Bossburg is a ghost town in Stevens County, Washington, and is located on the east bank of the Columbia River just south of the Canada–US border. Bossburg had a maximum population of 800 in 1892. The town was once named "Young America," although in 1896 it was renamed in honor of the town's first citizen, C. S. Boss. It is currently best known for the 1969 discovery of the footprints in the snow of a supposed Sasquatch known as "Cripplefoot," and subsequent hi-jinks.

==History==
The town produced lead and silver from established mines; however, when mining operations eventually slowed financial issues arose. In a futile effort to keep the town alive, a ferry system across the Columbia River was established, and a sawmill was built for lumber operations.
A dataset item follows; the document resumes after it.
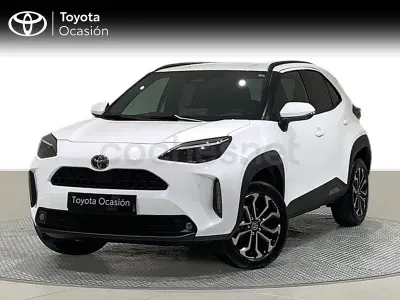 Usado Toyota Yaris Cross Active 130 CV (95 kW) 2025 Blanco SUV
Several Bossburg newspapers were published, notably the Bossburg Journal from 1893 to 1910, and the Bossburg Herald which was founded and published in 1910 for only one year.

The Bossburg cemetery is still in use and is cared for by local families; nevertheless, records are not routinely kept and as a result there are several unmarked graves.

==Bossburg Cripplefoot==

===Bossburg Cripplefoot Tracks===
On November 24, 1969, large human-like tracks with a crippled-looking right foot were found near the Bossburg town dump. (Earlier that year a woman had reported to the police that she had seen a Sasquatch in a nearby location.) The track maker was believed by some to be an injured Bigfoot and was dubbed by locals as the "Bossburg Cripple"; it is now generally known as "Cripplefoot." On November 27 Bigfoot searcher René Dahinden arrived to investigate, but by then the tracks had mostly been trampled by sightseers. Dahinden photographed and cast the best print he could find. He was joined for three days by another searcher, Bob Titmus, who returned about a month later.

After looking for two weeks for new evidence, Sasquatch-searchers Ivan Marx, a Bossburg resident, and René Dahinden finally found it. On December 13, 1969, they discovered 1089 giant human-like tracks in the snow leading to, from, and across a river near Lake Roosevelt, near Bossburg. They were joined later by anthropologist Grover Krantz, who took photos and made casts, and later, intermittently, by film-maker Roger Patterson and his assistant, Dennis Jenson, who stayed full-time. Casts and/or photos of the tracks were later studied by primatologist John Napier and anthropologist Jeff Meldrum. Those scientists became convinced of the tracks' authenticity.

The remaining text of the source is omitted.